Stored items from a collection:
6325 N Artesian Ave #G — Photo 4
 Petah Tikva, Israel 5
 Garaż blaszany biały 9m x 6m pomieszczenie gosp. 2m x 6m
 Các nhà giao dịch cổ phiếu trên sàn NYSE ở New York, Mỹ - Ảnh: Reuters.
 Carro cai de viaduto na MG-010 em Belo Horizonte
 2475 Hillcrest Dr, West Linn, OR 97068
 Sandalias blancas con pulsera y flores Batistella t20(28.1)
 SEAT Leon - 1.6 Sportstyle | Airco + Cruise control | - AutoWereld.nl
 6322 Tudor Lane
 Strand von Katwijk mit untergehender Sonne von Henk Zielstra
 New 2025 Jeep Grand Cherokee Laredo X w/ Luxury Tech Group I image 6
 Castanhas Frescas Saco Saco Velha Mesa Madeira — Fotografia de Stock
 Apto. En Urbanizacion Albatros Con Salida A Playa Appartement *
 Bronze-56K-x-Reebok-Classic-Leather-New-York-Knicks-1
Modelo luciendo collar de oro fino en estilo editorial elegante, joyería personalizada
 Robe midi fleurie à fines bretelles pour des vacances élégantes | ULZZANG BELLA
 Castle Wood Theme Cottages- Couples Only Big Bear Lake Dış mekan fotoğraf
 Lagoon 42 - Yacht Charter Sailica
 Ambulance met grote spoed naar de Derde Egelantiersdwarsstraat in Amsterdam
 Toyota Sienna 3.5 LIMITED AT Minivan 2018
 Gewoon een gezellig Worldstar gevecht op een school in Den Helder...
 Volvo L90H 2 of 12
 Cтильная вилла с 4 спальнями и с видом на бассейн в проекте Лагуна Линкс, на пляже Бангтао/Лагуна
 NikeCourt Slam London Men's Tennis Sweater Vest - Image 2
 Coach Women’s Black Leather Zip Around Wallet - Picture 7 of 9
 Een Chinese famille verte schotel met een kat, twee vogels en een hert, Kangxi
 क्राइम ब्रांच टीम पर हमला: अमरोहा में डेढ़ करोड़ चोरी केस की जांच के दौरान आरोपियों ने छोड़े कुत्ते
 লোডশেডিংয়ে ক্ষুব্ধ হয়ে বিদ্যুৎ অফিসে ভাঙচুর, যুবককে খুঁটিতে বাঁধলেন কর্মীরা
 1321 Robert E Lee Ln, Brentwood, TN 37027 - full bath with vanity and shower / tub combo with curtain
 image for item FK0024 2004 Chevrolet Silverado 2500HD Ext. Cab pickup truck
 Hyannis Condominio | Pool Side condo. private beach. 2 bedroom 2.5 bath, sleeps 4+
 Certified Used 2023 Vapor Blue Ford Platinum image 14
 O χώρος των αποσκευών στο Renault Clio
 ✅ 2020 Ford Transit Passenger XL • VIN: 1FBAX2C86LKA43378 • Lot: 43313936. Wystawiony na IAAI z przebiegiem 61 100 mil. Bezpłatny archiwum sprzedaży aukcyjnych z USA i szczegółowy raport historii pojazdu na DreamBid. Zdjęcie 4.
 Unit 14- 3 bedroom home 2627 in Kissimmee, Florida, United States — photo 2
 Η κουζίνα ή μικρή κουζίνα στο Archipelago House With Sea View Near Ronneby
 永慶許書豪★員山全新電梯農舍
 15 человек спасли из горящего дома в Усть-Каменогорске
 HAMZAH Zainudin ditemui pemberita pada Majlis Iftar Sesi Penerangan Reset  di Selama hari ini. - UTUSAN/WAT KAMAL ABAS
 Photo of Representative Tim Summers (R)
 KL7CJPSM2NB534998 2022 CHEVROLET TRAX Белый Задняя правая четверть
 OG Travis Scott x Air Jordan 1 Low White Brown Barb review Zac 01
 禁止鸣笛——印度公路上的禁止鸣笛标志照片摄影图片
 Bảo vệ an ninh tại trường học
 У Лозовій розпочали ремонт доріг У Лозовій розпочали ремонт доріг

What to produce:
Reproduce the entries exactly, starting at their first line and stopping after the line with "Bronze-56K-x-Reebok-Classic-Leather-New-York-Knicks-1".

Response area:
6325 N Artesian Ave #G — Photo 4
 Petah Tikva, Israel 5
 Garaż blaszany biały 9m x 6m pomieszczenie gosp. 2m x 6m
 Các nhà giao dịch cổ phiếu trên sàn NYSE ở New York, Mỹ - Ảnh: Reuters.
 Carro cai de viaduto na MG-010 em Belo Horizonte
 2475 Hillcrest Dr, West Linn, OR 97068
 Sandalias blancas con pulsera y flores Batistella t20(28.1)
 SEAT Leon - 1.6 Sportstyle | Airco + Cruise control | - AutoWereld.nl
 6322 Tudor Lane
 Strand von Katwijk mit untergehender Sonne von Henk Zielstra
 New 2025 Jeep Grand Cherokee Laredo X w/ Luxury Tech Group I image 6
 Castanhas Frescas Saco Saco Velha Mesa Madeira — Fotografia de Stock
 Apto. En Urbanizacion Albatros Con Salida A Playa Appartement *
 Bronze-56K-x-Reebok-Classic-Leather-New-York-Knicks-1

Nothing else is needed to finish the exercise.